- _WORK INSTRUCTIONS_: The answer must be every line of the records below that holds the word "table".

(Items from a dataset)
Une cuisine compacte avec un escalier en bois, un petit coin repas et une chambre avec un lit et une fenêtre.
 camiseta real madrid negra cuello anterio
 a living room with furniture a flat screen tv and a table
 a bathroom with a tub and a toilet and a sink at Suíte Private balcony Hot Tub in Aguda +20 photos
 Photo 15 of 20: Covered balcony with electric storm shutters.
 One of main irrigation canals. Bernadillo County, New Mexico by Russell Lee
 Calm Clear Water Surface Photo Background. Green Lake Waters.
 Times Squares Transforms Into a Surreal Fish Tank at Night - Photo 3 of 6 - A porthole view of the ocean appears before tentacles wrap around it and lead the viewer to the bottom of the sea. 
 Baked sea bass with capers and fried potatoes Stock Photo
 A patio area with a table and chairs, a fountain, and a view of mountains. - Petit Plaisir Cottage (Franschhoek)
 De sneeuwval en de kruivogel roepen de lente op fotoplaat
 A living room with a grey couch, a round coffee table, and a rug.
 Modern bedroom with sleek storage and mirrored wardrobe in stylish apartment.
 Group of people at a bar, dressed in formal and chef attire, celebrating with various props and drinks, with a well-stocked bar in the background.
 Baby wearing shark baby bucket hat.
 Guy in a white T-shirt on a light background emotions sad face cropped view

- _TASK SOLUTION_:
 a living room with furniture a flat screen tv and a table
 A patio area with a table and chairs, a fountain, and a view of mountains. - Petit Plaisir Cottage (Franschhoek)
 A living room with a grey couch, a round coffee table, and a rug.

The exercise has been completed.